[Source data]:
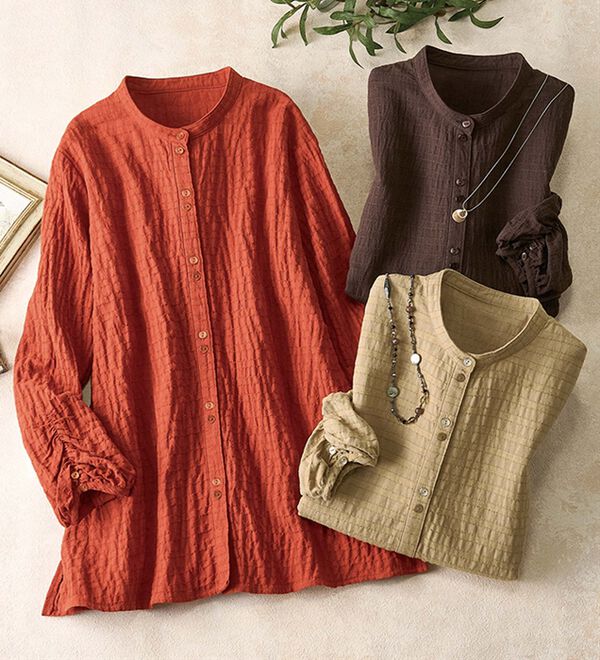 ルフラン（ルフラン）の「【３色組】ポコポコ素材の柔らかブラウス（ブラウス）」｜詳細画像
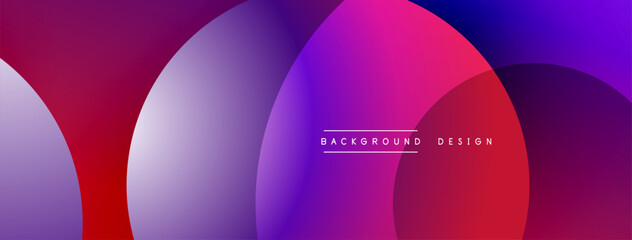 Wall Mural - layered circular shapes in vivid colors form a gradient-rich abstract design with smooth transitions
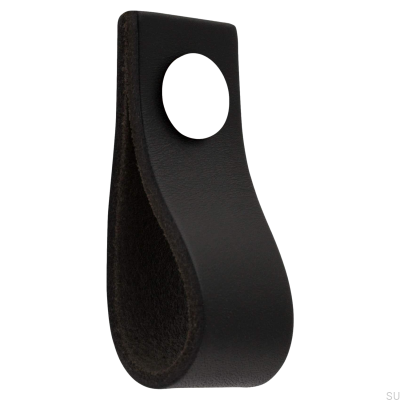 Кожаная мебельная ручка Loop Ari, черно-белая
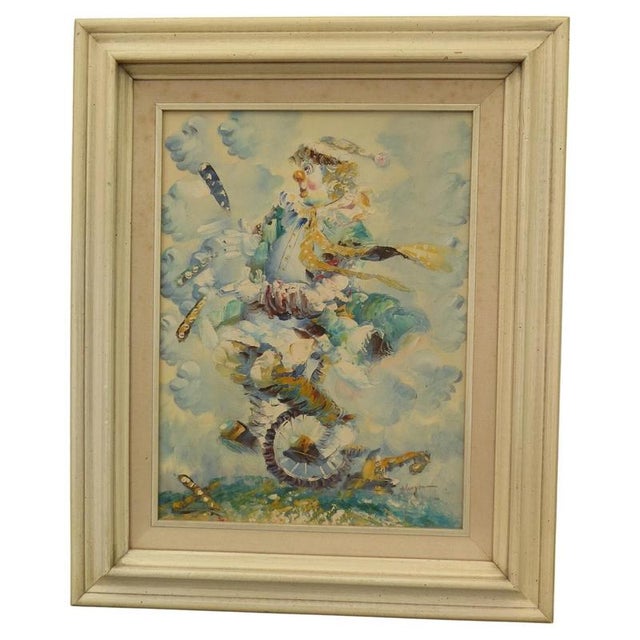 Brenda Polsky Morgan, Clown on a Tricycle, 1970s, Oil Painting on Canvas, Framed For Sale - Image 15 of 15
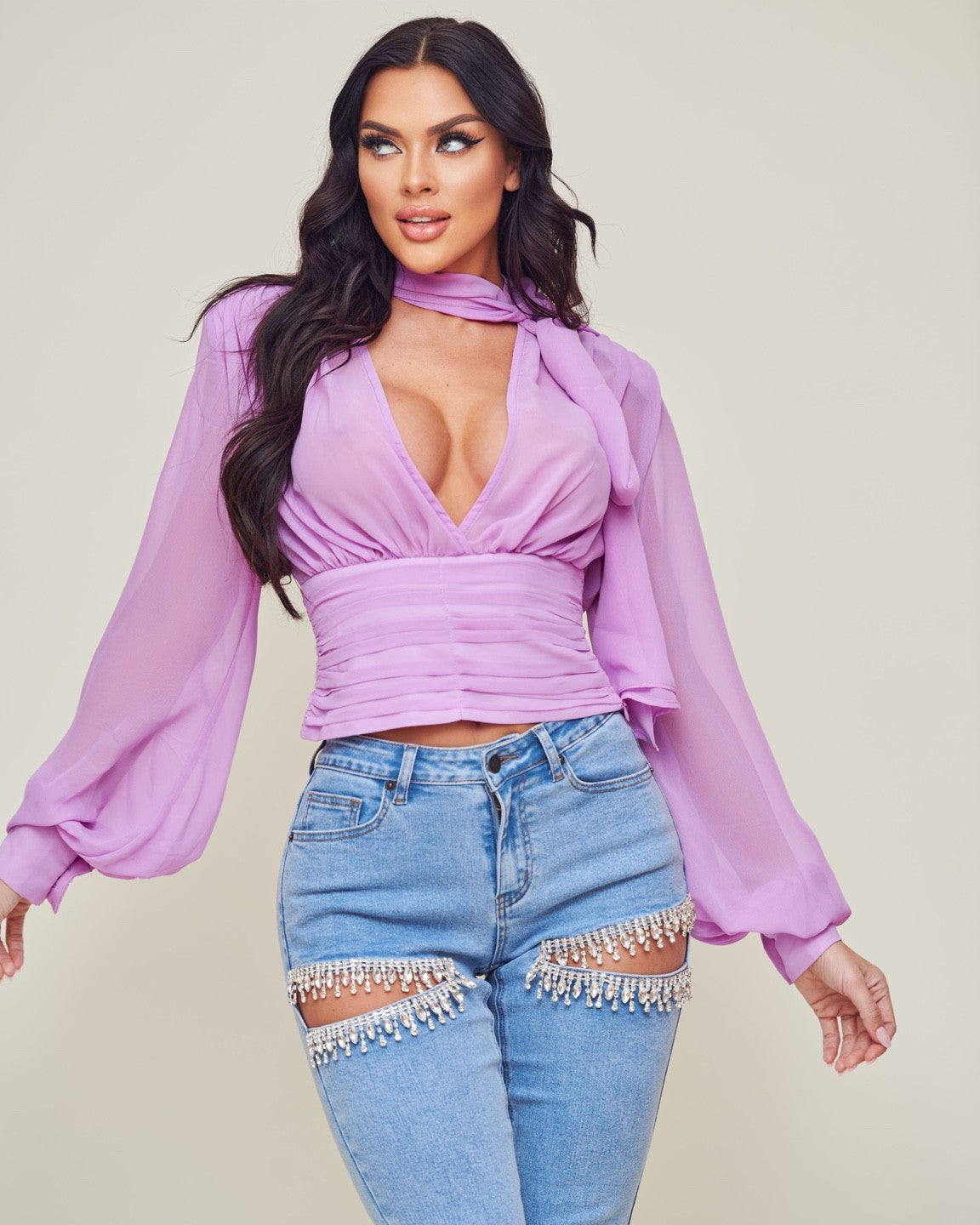 Jorgina Long Sleeve Self Tie Plunge Neck Chiffon Blouse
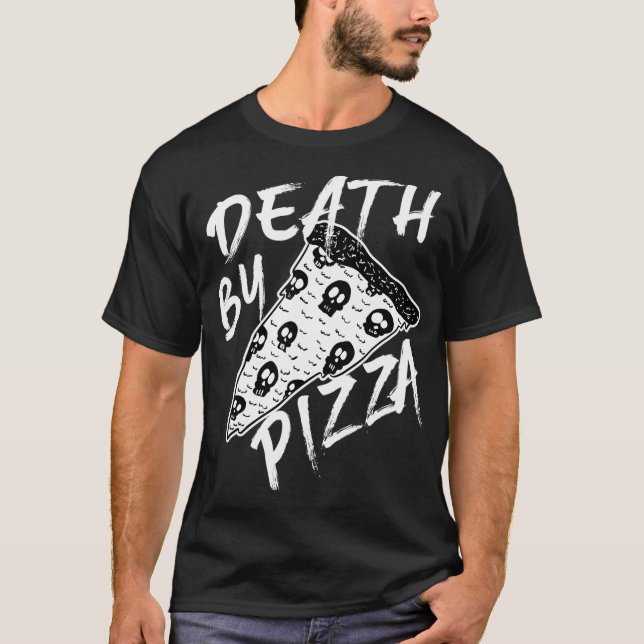 Camiseta Morte por Pizza Pepperoni Skulls Metal Text Hallow (Frente)
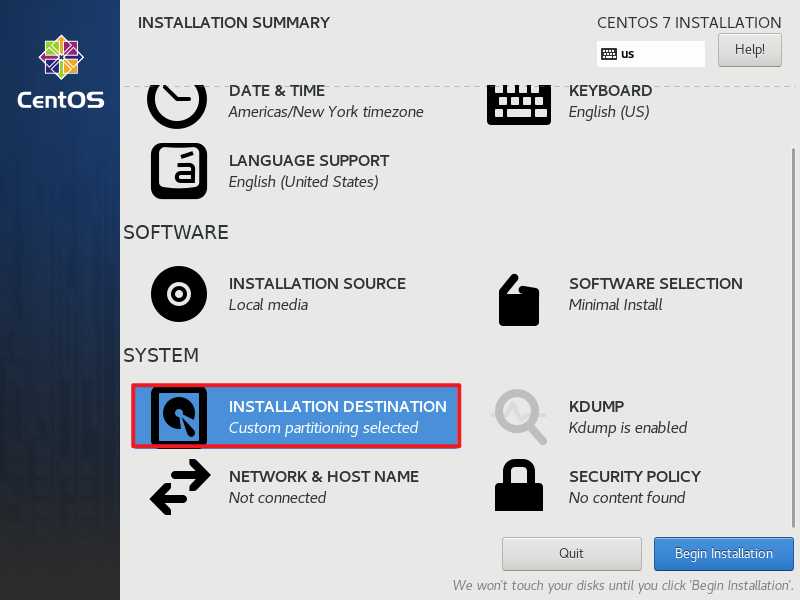 CentOS 7 virtual machine setup with Aliyun mirror_VMware Workstation Pro 14 CentOS 7 x86_64 installation guide_虚拟机使用实际网卡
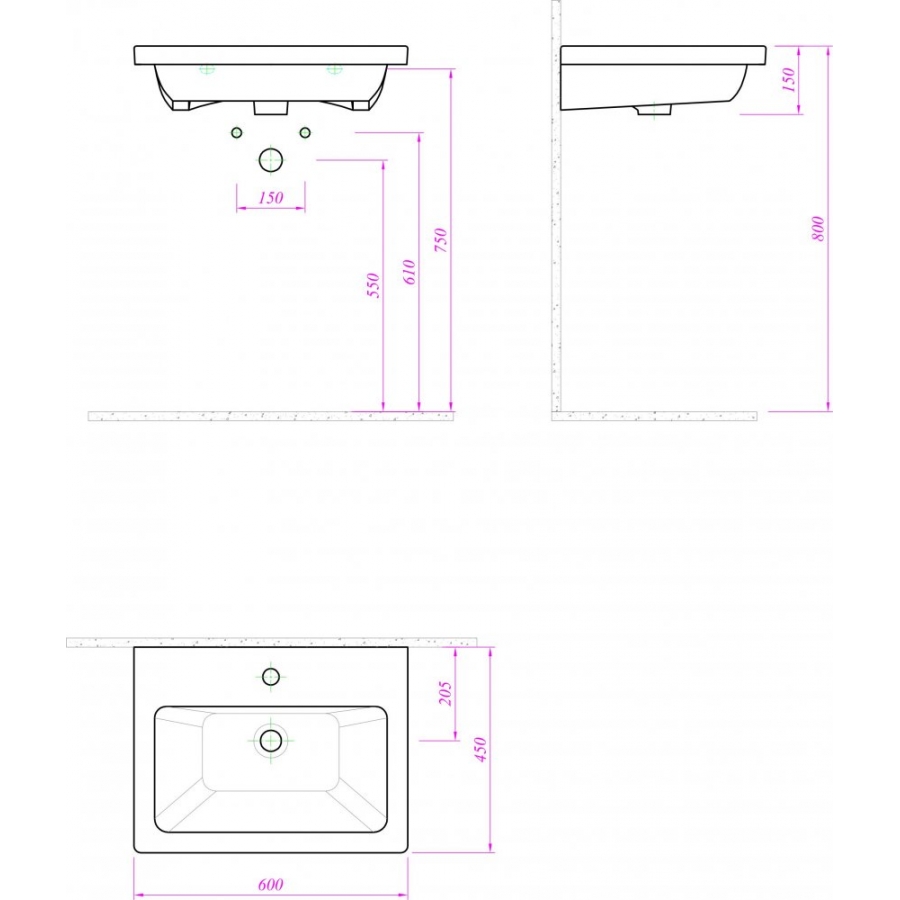 Kale Eternal 60 Cm Tezgah Alti Gomme Lavabo 7113459500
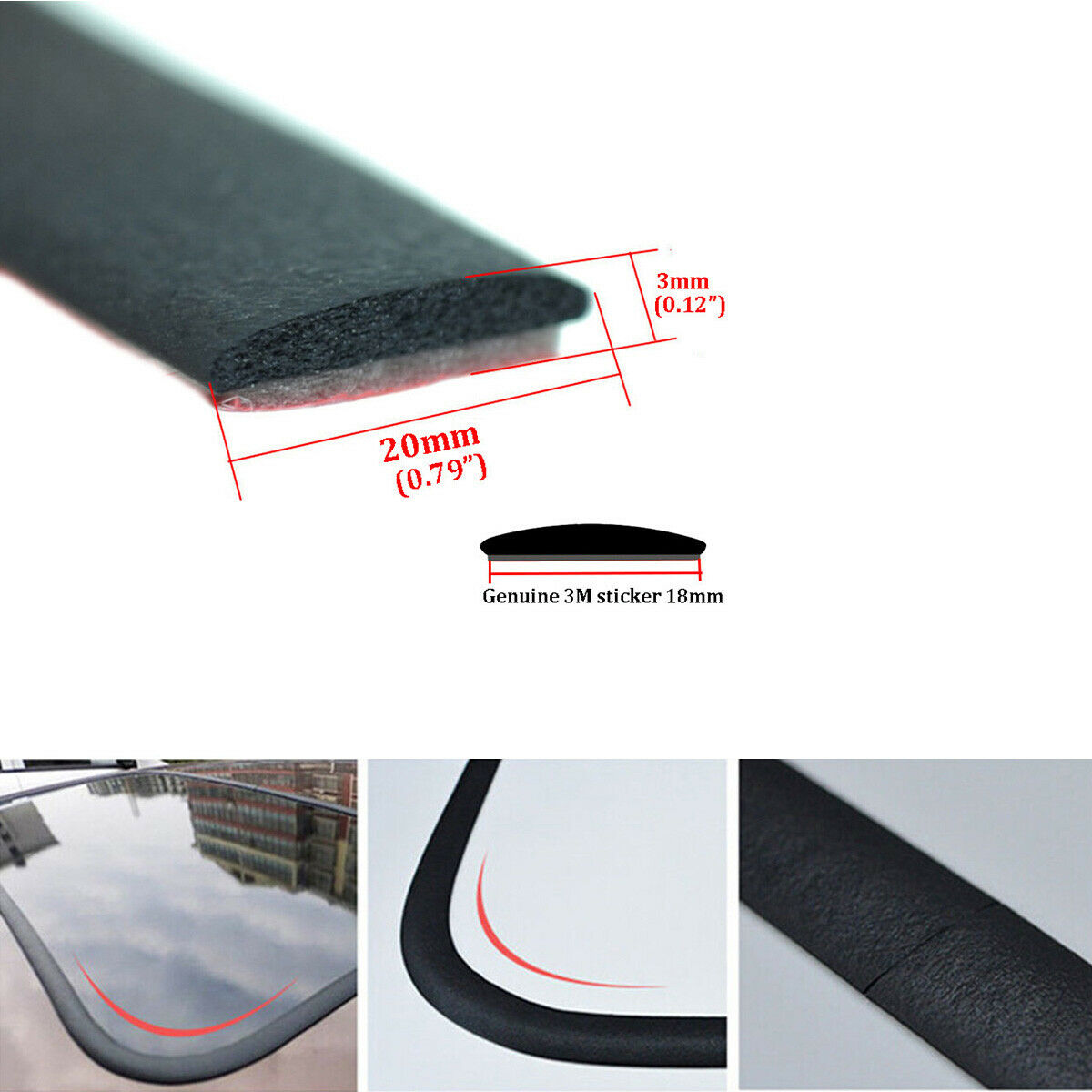5 Meter Self Adhesive Auto Windshield Window Rubber Weather Draft Seal Strip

[Exercise instructions]:
Give back exactly the lines from the top of the records to the line containing "CentOS 7 virtual", both included, and no pictures.

[Written response]:
 ルフラン（ルフラン）の「【３色組】ポコポコ素材の柔らかブラウス（ブラウス）」｜詳細画像
 Wall Mural - layered circular shapes in vivid colors form a gradient-rich abstract design with smooth transitions
 Кожаная мебельная ручка Loop Ari, черно-белая
 Brenda Polsky Morgan, Clown on a Tricycle, 1970s, Oil Painting on Canvas, Framed For Sale - Image 15 of 15
 Jorgina Long Sleeve Self Tie Plunge Neck Chiffon Blouse
 Camiseta Morte por Pizza Pepperoni Skulls Metal Text Hallow (Frente)
 CentOS 7 virtual machine setup with Aliyun mirror_VMware Workstation Pro 14 CentOS 7 x86_64 installation guide_虚拟机使用实际网卡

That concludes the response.